Historical Background
The Euler tour technique was first introduced by Robert Tarjan and Uzi Vishkin in 1984 in their seminal work on parallel graph algorithms. In the paper "An Efficient Parallel Biconnectivity Algorithm," they presented the technique as a method to linearize tree structures for efficient parallel processing in the PRAM model, achieving O(log n) time complexity using O(n / log n) processors for finding biconnected components in undirected graphs.[6]

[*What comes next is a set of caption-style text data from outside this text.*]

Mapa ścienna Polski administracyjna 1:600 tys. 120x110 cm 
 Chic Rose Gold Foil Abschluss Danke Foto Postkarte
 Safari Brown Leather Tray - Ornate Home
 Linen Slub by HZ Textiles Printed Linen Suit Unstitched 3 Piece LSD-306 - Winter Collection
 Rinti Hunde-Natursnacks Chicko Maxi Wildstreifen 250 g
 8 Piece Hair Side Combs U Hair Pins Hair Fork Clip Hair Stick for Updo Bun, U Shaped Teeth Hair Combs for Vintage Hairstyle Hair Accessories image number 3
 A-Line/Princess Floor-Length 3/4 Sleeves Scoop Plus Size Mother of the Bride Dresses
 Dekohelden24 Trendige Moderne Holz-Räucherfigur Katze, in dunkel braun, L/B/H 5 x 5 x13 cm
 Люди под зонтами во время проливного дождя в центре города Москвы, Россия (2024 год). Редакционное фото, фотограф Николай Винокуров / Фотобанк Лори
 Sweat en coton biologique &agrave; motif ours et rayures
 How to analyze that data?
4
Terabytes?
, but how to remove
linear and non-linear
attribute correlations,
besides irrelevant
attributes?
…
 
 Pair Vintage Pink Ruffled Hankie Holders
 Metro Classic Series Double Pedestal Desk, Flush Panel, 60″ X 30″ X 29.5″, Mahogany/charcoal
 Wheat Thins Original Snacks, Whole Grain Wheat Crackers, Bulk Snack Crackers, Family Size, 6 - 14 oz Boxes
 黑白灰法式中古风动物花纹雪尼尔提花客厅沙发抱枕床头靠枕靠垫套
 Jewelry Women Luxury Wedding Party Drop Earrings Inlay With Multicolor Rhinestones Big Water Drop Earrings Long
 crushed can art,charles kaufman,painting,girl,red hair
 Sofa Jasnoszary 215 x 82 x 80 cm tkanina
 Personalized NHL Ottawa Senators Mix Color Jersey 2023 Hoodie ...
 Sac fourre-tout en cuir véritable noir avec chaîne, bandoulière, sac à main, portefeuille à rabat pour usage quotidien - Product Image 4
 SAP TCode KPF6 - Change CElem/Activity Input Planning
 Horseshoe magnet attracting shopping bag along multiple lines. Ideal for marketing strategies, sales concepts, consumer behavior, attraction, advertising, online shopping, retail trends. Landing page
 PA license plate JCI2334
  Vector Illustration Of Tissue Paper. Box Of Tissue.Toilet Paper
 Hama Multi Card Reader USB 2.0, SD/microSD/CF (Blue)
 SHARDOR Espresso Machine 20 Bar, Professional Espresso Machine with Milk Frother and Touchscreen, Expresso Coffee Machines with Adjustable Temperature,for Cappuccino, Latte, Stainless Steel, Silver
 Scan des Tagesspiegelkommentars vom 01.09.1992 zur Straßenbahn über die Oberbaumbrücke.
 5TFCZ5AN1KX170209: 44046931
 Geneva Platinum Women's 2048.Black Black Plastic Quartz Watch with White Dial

The early development of the Euler tour technique was motivated by the need to solve fundamental tree-related problems in parallel computing environments, such as computing biconnected components and lowest common ancestors. Building on classical graph theory concepts like Eulerian paths, which traverse each edge exactly once, Tarjan and Vishkin adapted the idea to rooted trees by recording a depth-first traversal that visits each edge twice—once descending and once ascending—enabling parallel operations like prefix computations on the tour sequence.[6] This approach addressed limitations in sequential algorithms by facilitating concurrent evaluation of tree properties without excessive synchronization overhead in the PRAM model.[7]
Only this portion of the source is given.